- **DATA EXTRACT**:
__________________________________________________

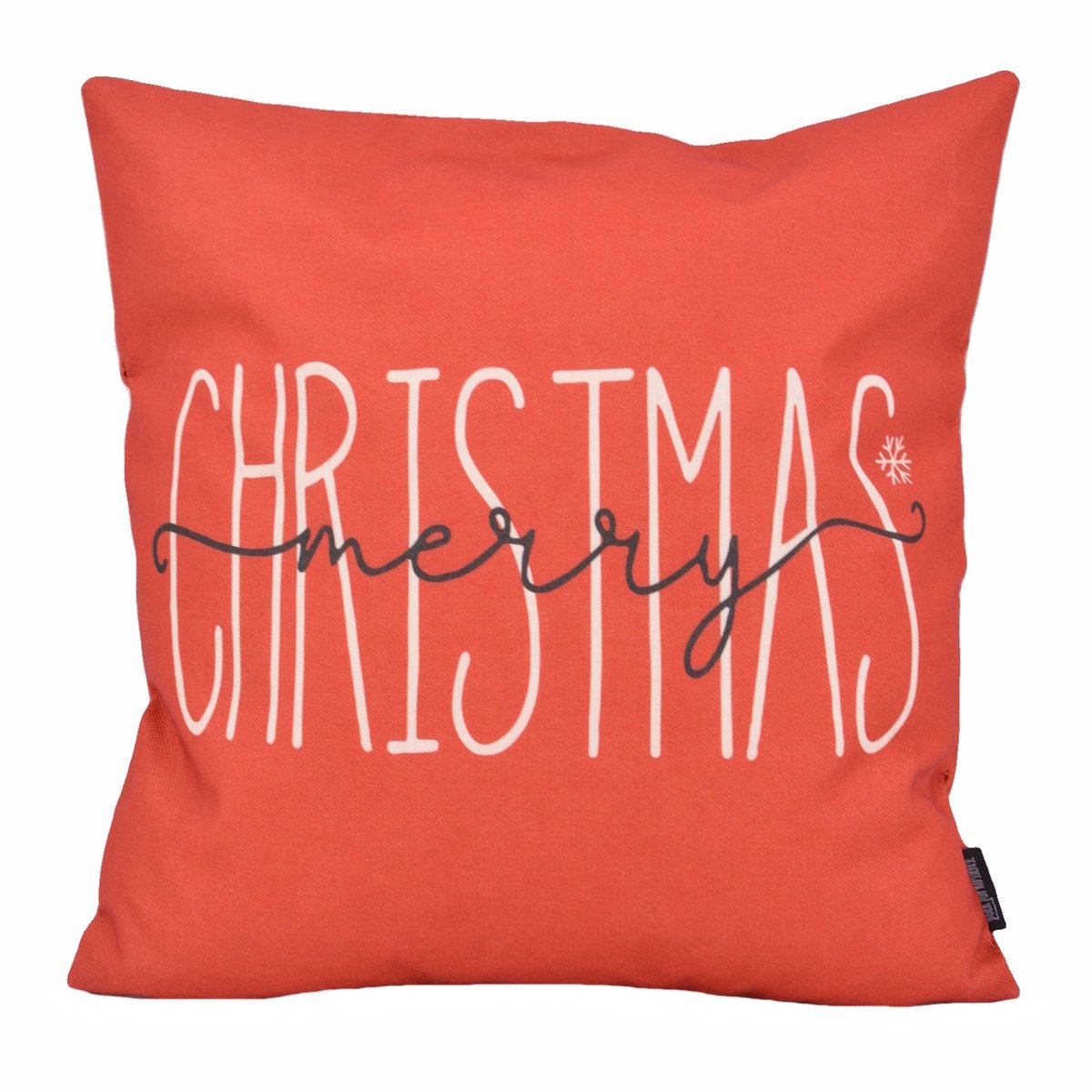 Gek op Kussens! Sierkussen Kerst #1 | 45 x 45 cm | Katoen/Linnen Rood 1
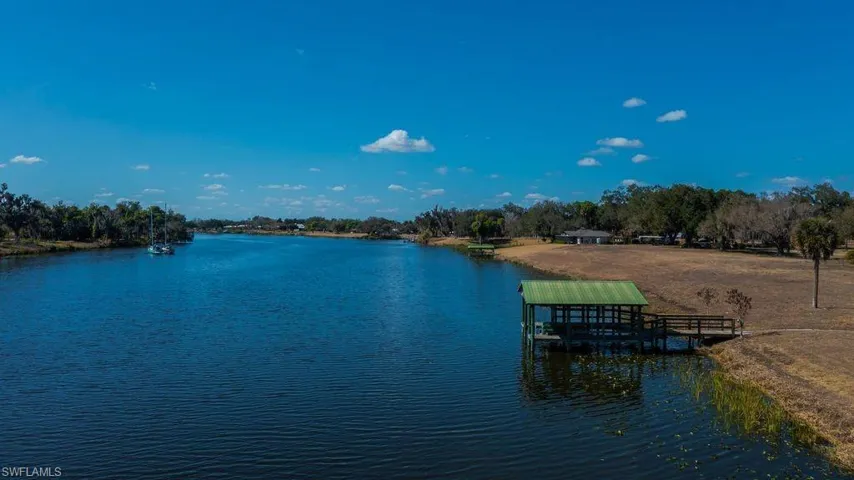 Looking West on the Caloosahatchee River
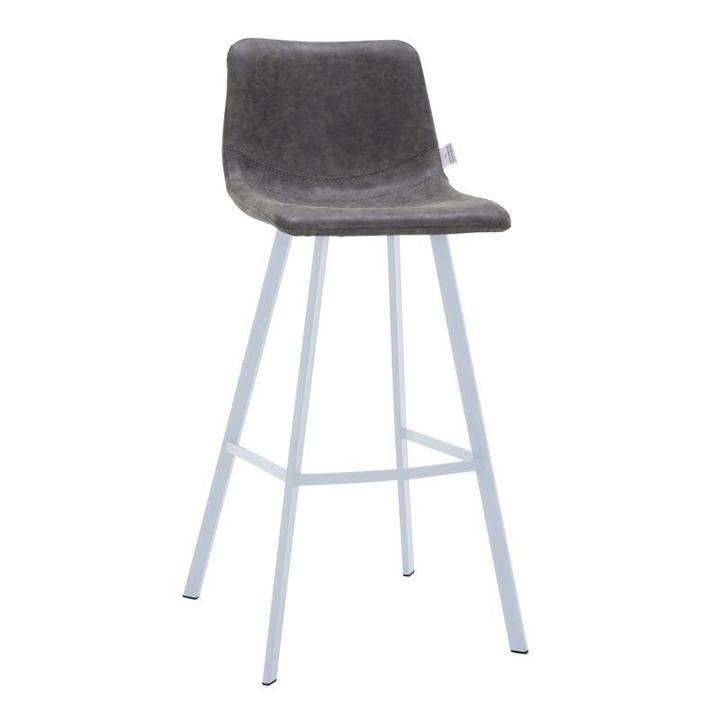 Elland Bar Stool Grey with White Base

__________________________________________________

- **WORK TO COMPLETE**: Your answer must be the full listing, reproduced word for word, without its pictures.

- **THE COMPLETED TASK**:
 Gek op Kussens! Sierkussen Kerst #1 | 45 x 45 cm | Katoen/Linnen Rood 1
 Looking West on the Caloosahatchee River
 Elland Bar Stool Grey with White Base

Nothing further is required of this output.